| Task statement |
With pictures omitted, copy exactly every line from the one that contains "this 411×304 image." to the end of the listing below.

| Source data |
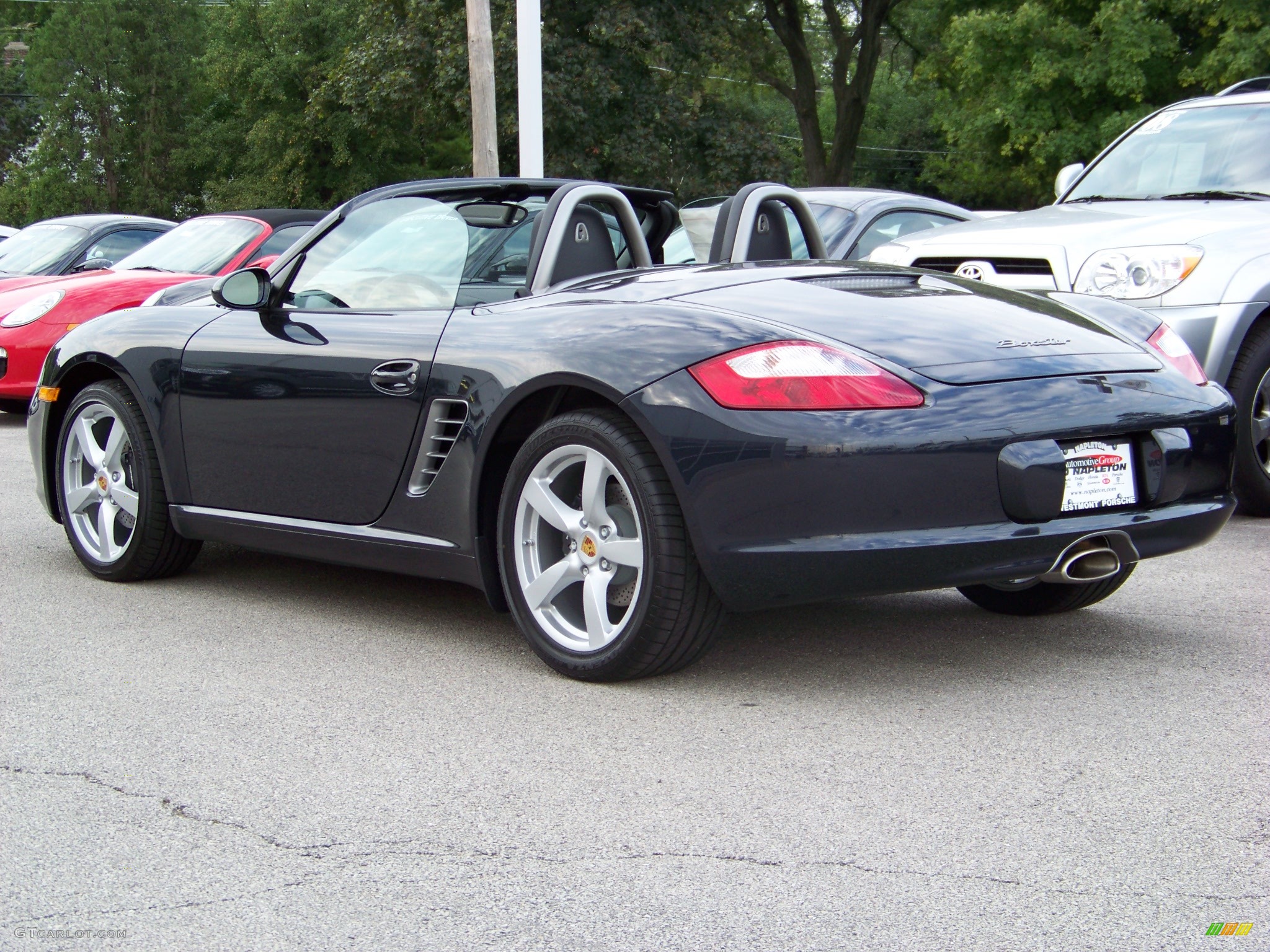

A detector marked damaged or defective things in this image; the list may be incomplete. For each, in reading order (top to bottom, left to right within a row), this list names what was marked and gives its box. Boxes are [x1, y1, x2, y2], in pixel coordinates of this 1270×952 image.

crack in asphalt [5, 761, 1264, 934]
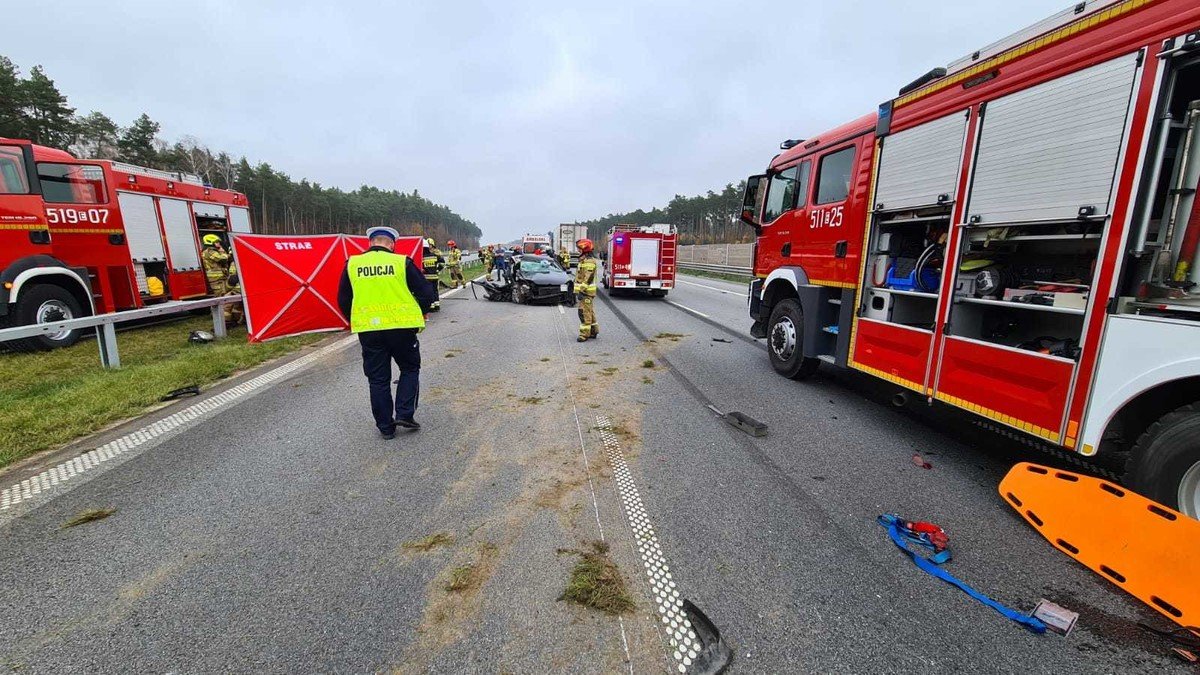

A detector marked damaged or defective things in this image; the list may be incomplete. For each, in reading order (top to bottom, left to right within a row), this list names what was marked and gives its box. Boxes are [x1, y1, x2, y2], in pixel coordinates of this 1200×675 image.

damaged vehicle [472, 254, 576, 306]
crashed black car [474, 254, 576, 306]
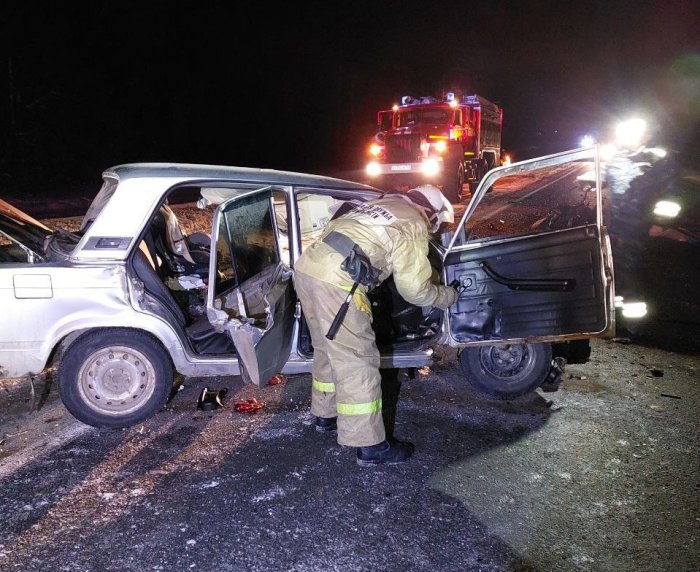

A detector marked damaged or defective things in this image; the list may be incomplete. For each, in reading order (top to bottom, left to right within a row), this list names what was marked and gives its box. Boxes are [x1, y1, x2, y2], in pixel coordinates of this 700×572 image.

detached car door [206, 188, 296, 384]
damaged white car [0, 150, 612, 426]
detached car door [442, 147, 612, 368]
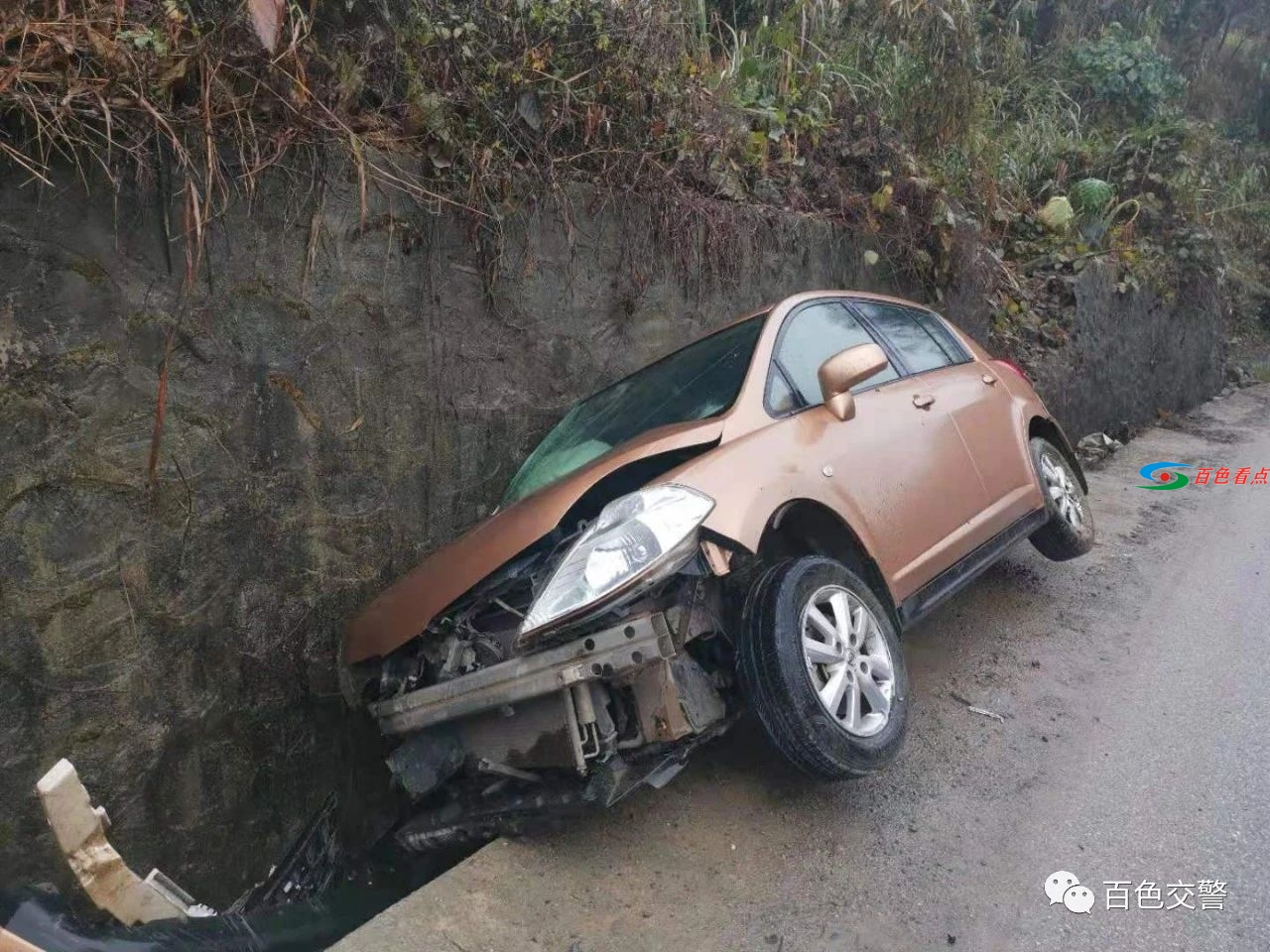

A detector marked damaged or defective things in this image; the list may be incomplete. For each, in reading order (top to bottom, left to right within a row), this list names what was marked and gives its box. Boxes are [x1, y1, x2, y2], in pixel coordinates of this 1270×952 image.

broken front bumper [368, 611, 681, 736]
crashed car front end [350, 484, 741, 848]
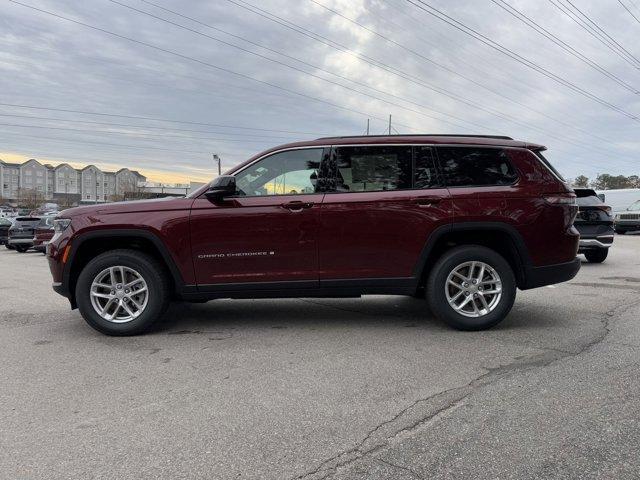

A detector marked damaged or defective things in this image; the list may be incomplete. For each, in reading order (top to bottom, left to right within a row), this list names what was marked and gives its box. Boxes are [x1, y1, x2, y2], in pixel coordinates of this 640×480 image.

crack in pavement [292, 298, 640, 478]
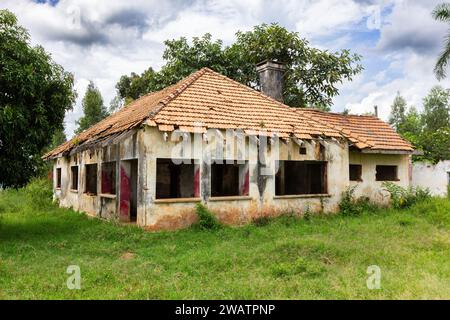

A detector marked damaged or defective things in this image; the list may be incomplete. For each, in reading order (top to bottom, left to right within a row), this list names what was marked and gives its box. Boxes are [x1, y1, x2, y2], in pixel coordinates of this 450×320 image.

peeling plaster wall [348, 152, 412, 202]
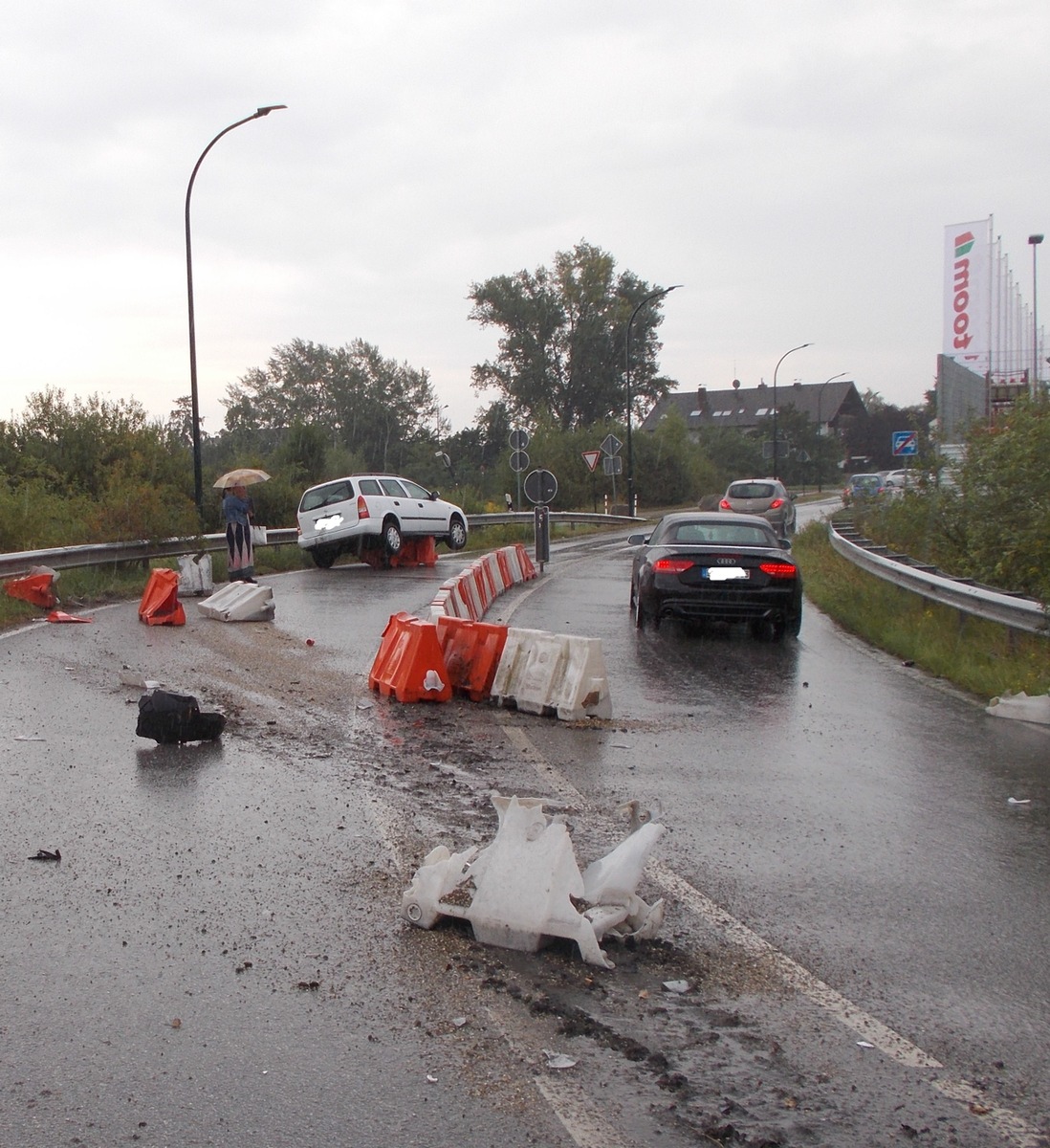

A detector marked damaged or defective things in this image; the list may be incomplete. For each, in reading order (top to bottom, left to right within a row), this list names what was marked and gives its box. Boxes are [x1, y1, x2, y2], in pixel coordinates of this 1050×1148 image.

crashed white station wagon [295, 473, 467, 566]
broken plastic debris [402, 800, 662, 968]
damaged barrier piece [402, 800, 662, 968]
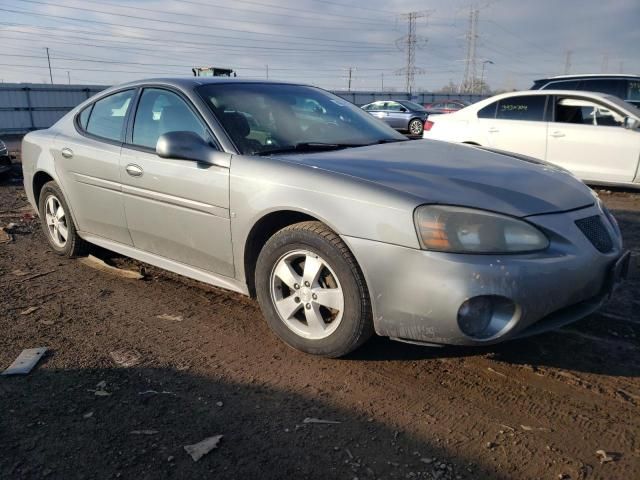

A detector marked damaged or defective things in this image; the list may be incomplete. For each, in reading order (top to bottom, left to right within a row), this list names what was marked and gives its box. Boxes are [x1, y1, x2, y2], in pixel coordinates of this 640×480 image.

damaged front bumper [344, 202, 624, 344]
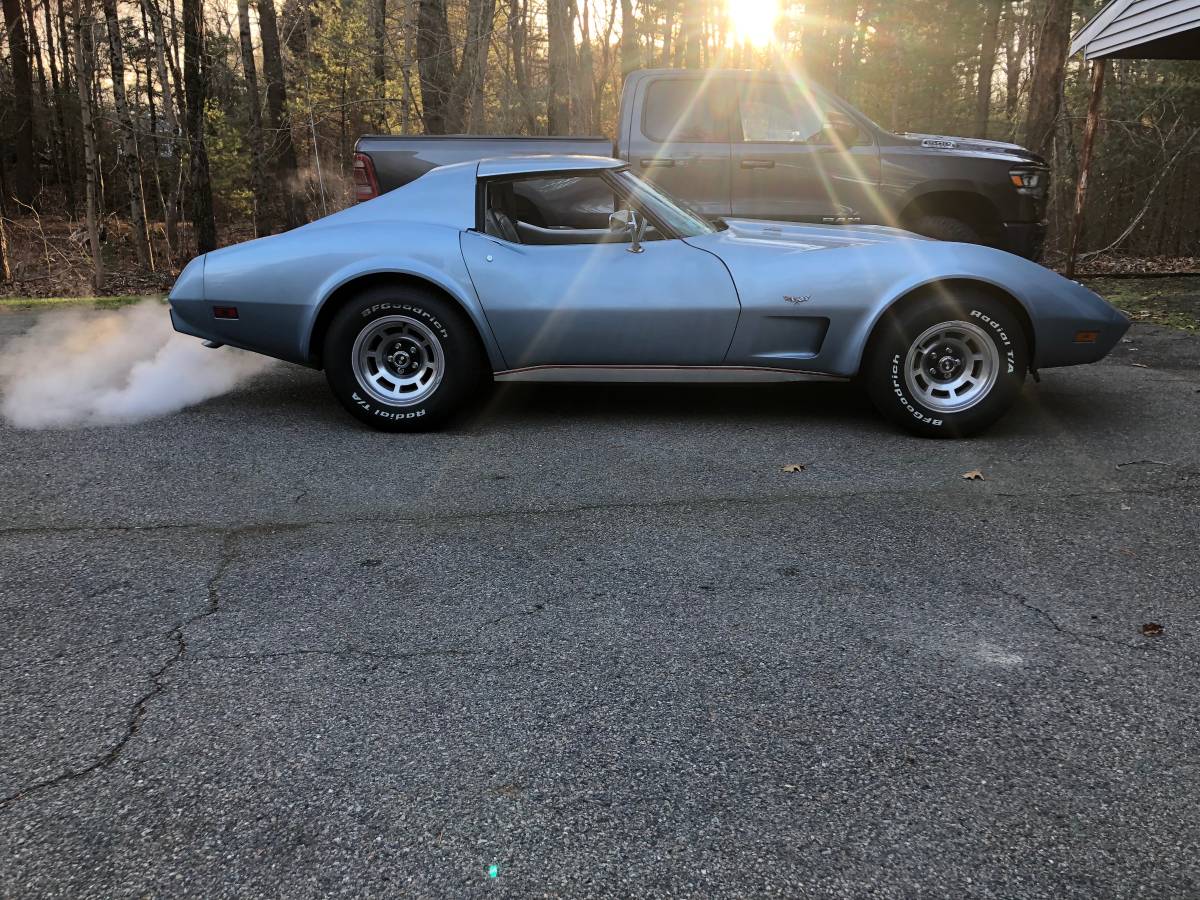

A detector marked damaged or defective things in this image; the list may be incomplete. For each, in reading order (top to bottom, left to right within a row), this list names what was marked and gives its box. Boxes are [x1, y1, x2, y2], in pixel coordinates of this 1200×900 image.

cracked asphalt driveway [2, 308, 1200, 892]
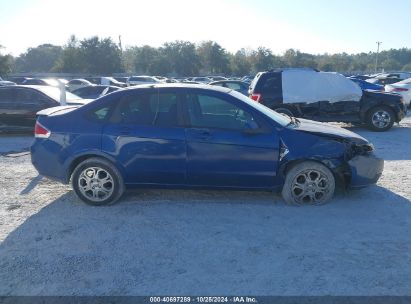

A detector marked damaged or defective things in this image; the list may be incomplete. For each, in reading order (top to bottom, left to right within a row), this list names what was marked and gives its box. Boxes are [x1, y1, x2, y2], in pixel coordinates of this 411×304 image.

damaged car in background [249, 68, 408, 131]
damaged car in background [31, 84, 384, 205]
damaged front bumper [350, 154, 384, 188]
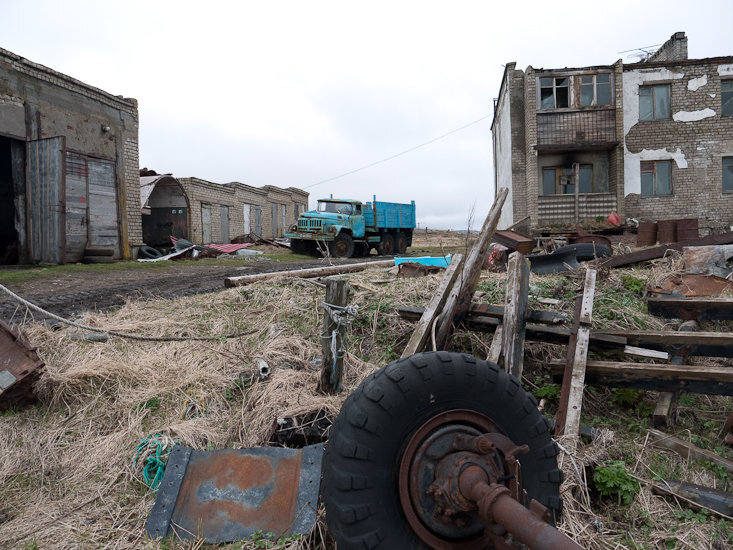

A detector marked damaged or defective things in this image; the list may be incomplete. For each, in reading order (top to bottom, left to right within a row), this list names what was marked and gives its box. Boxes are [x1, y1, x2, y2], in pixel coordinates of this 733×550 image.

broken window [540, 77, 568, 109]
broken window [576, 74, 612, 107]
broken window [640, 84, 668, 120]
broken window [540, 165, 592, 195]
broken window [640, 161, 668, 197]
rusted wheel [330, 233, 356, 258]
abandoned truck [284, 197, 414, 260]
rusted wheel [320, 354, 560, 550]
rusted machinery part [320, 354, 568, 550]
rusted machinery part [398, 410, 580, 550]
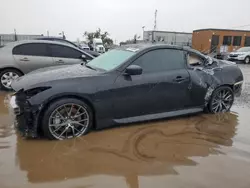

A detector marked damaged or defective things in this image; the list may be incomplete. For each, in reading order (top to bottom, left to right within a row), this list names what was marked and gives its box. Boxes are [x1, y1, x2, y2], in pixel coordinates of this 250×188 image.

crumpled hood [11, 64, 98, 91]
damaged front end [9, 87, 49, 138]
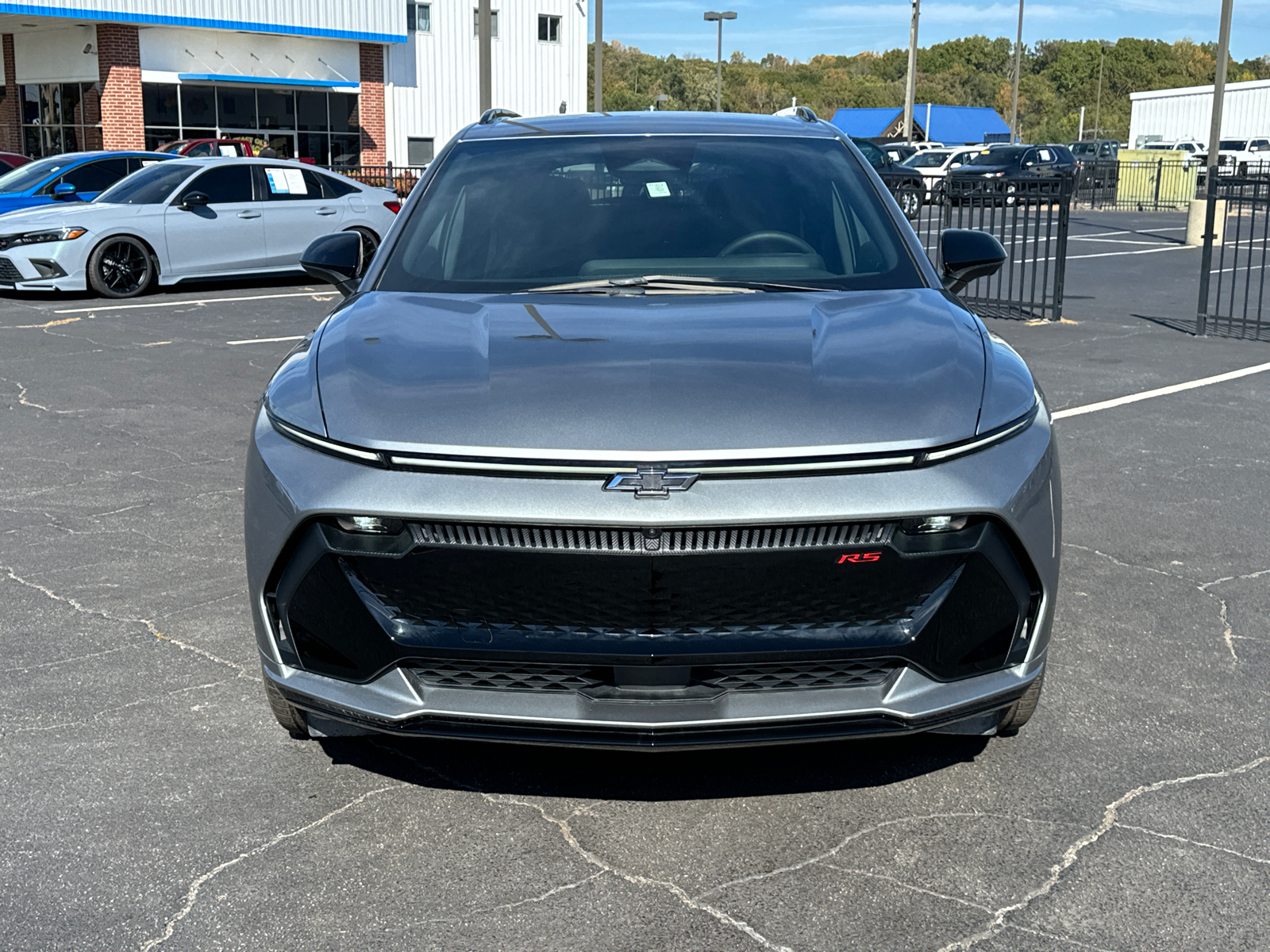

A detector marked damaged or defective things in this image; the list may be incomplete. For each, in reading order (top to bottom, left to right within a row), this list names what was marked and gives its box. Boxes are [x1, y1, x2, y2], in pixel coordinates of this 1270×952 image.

| Expected output |
A detector marked damaged or defective things in this image; the list may be incomplete. For each, in reading order (top to bottom, left to right within a row), this list names what was marked and gives its box. Boxes are [x1, y1, x2, y2], in pixel coordinates of this 411×304 image.

damaged car in background [249, 68, 408, 131]
damaged car in background [31, 84, 384, 205]
damaged front bumper [350, 154, 384, 188]

A detector marked damaged or defective things in this image; the list may be incomplete. For each, in reading order (top to bottom, left to right within a row), this list names what was marked and gives its box. Boxes are [x1, y1, x2, y2], in pixel coordinates of this 733×550 image.

broken window [540, 77, 568, 109]
broken window [576, 74, 612, 107]
broken window [640, 84, 668, 120]
broken window [540, 165, 592, 195]
broken window [640, 161, 668, 197]
rusted wheel [330, 233, 356, 258]
abandoned truck [284, 197, 414, 260]
rusted wheel [320, 354, 560, 550]
rusted machinery part [320, 354, 568, 550]
rusted machinery part [398, 410, 580, 550]

A detector marked damaged or defective things in this image; the list may be incomplete. For each, in reading order (top to bottom, left to right within a row), this list names what was marked and gives its box. Boxes are [x1, y1, x2, y2], in pixel coordinates of this 250×188 image.

crumpled hood [11, 64, 98, 91]
damaged front end [9, 87, 49, 138]

A detector marked damaged or defective things in this image; the list may be incomplete. For each, in reading order (top to bottom, left to right within a row), this list names what was marked and gives its box. Boxes are [x1, y1, x2, y2], in pixel coordinates of this 1270×952 image.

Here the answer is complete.